Before the mortgage bubble burst, Dave Charlson had a successful mortgage company while maintaining what he thought was a great work/life balance. He was kind enough to share his story with us in this episode of How to Lose Money.
By the end of his ordeal, the total loss in personal assets and real estate reached $1 million.
But from the ashes of that failure, Dave reached a greater understanding of himself and discovered a way to help others in their struggles for growth and personal development.
Here’s a look at Dave’s story.
Green Flag: Work and Life in Balance
I graduated from college with a degree in mathematics. I thought I wanted to be a teacher, but I soon realized that I hated it. When I left my teaching career, someone suggested doing some informational interviews with people in different fields to help figure out what I wanted to do. This led me to talking to a woman who ran a mortgage bank; she hired me on the spot.
Eventually I started my own mortgage company. At one point, I had 35 employees. I had a 4-day work week, which was pretty unheard of at the time. I had a healthy six figure income with a home on the coast of Oregon and another in California, and I was home every night for dinner. I also started teaching classes to realtors and other mortgage people about work/life balance. Really it was everything I could have hoped and dreamed.

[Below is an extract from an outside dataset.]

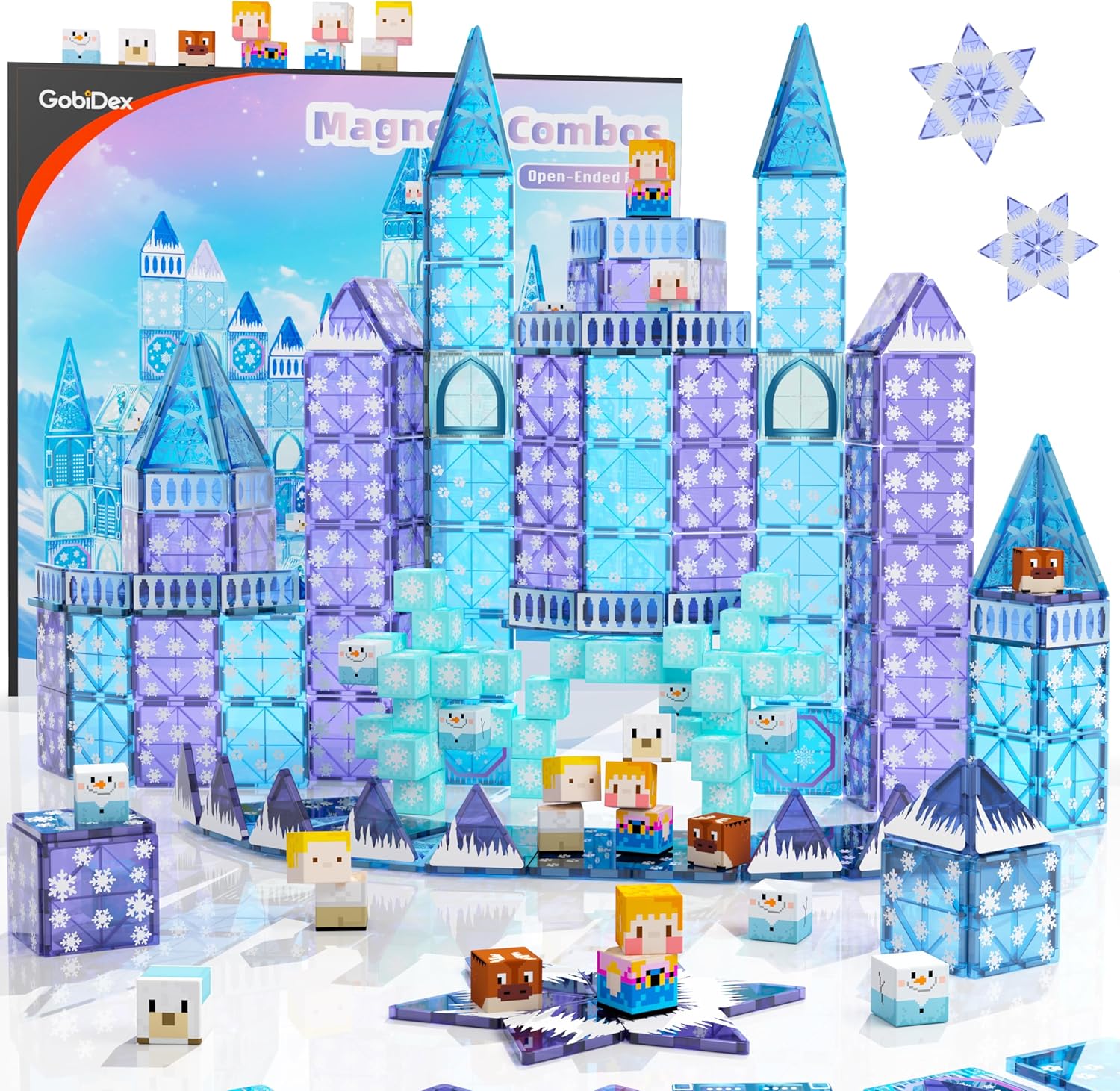 GobiDex 102PCS 2-in-1 Magnetic Tiles Blocks Frozen Toys for Girls, Princess Frozen Castle Magnet Building Blocks for Toddlers Kids, Build with MagWonder STEM Toys, 3+ Years Old Girls Birthday Gifts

I worked hard, and I built a good life. But, there was danger lurking in the basement that I couldn’t see coming.
Red Flag: The One-Two Punch
I thought I had a great marriage but I didn’t know my wife was not as satisfied as I thought she was. I found out through her abruptly telling me one day: “I’m not happy.” That was earth-shattering to me. I had built my identity around her opinion of me. I didn’t handle that news well. I suddenly realized that I thought I had my whole life put together, but when I found out my wife was kind of disappointed in me and we had a serious marital issue, I was pretty devastated.
Not long after that is when the mortgage market turned. I knew there was a bubble coming. It wasn’t something I dreaded because I thought I was prepared for it. But combined with my marital issues, it was a one-two punch that really sent me into a tailspin as a person.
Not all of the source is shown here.